After riots and rage, Lebanon is ready to move on
Previously, former Lebanon PM Hariri had said he would not take part in a Hezbollah-dominated coalition, but this resolute stance seemed to be cracking.
Ousted Lebanese Prime Minister Saad Hariri must distinguish between this week's demonstrations in Lebanon and those of 2005, Ibrahim al-Amin wrote Wednesday in his column in the pro-Hezbollah daily Al Akhbar.
The difference, Amin said, is that in 2005, the crowds represented all Lebanese citizens, united in outrage at the heinous murder of former Prime Minister Rafik Hariri. But this week, he wrote, the demonstrations were strictly Sunni - a clan, almost a family, affair.
Not many Christians were involved. The Lebanese Patriarch Cardinal Nasrallah Sfeir, a firm Hezbollah opponent, did not urge people to join the demonstrations, while Saudi Arabia, Hariri's patron, did not even denounce the appointment of new Prime Minister Najib Mikati.
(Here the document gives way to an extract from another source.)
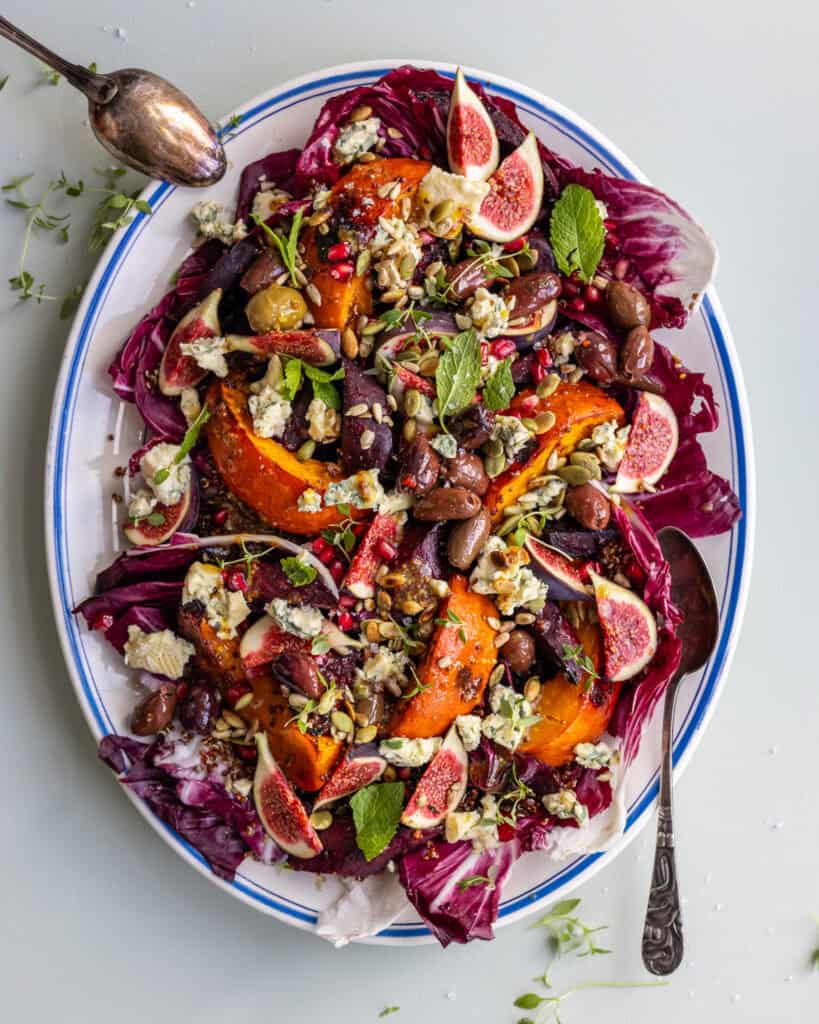 efterårssalat med græskar og figner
When Hariri met with his successor Wednesday, as is customary, the defeat was evident on his face. This is a personal and clan defeat, as indicated by the fact that Tuesday's stormy protests did not resume Wednesday. Lebanon as a whole seemed ready for the next stage.
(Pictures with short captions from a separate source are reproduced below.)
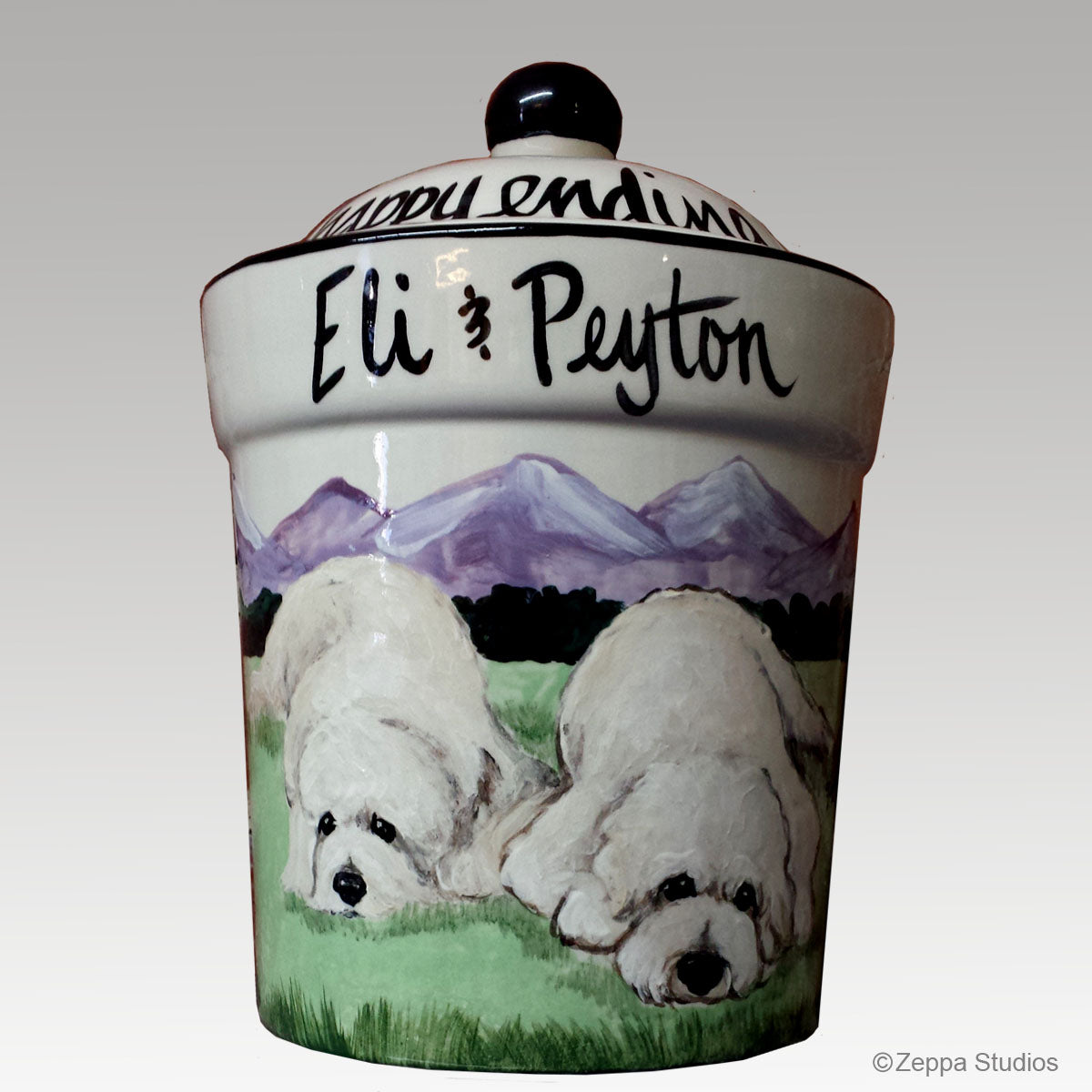 Hand Painted Custom Ceramic Treat Jar by Zeppa Studios, Two Golden Doodles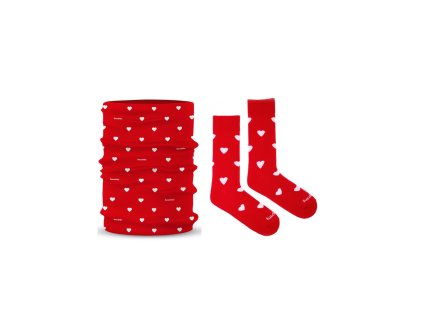 Fusakle set veselá šatka plus ponožky vzor Láska farba červená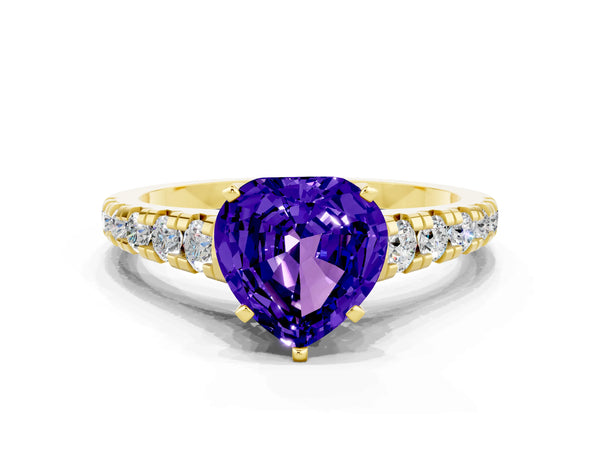 Yellow gold Heart Cut Tanzanite Cathedral Solitaire Ring with Round  Pavé Band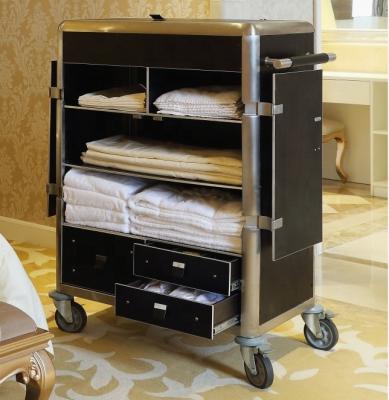 China Luxury Hot Sale 5 Star Hotel Maid Laundry 5 Star Hotel Guest Room Service Cleaning Trolley for sale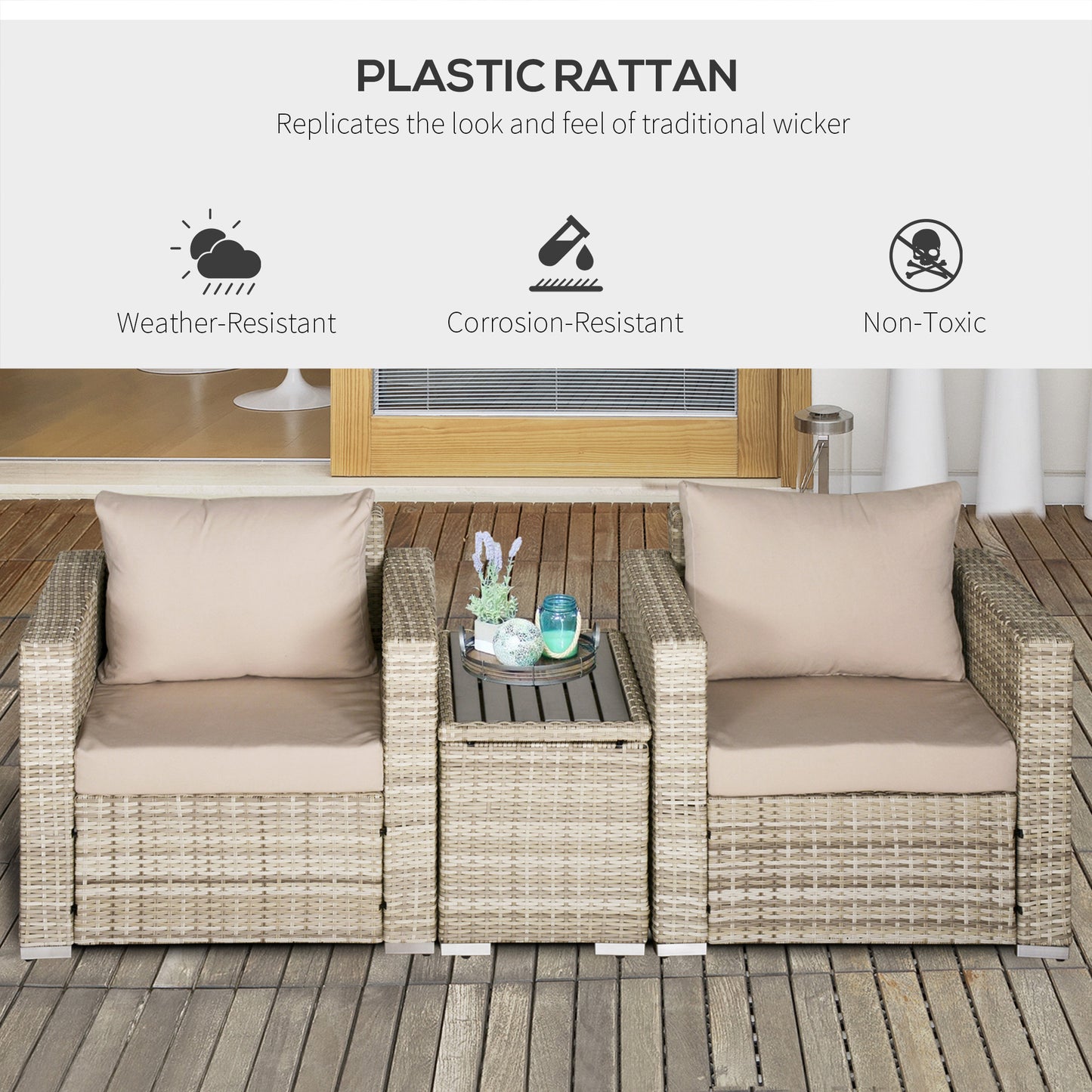 3 Piece Patio Furniture Set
This is the stage when Mikati tries to form a government that will at least simulate a national unity government by including Hariri's Al-Mustaqbal Movement. Previously, Hariri had said he would not take part in any Hezbollah-dominated government, but this resolute stance seemed to be cracking yesterday.
Al-Mustaqbal MP Ahmed Fatfat, for instance, said yesterday that "everything depends on the new government's agenda." A spokesman for one of Hariri's associates laid down the red lines: "The trial of Rafik Hariri's murderers is not negotiable, nor are Hezbollah's weapons inside Lebanon."
But these lines seem flexible. Hariri's supporters will not want to give up their power centers and hand them over to Hezbollah's supporters.
If Mikati fails to persuade Al-Mustaqbal to join the government, which would grant him broad public legitimacy, he can still form a "technocratic" government not formally identified with any party or sect.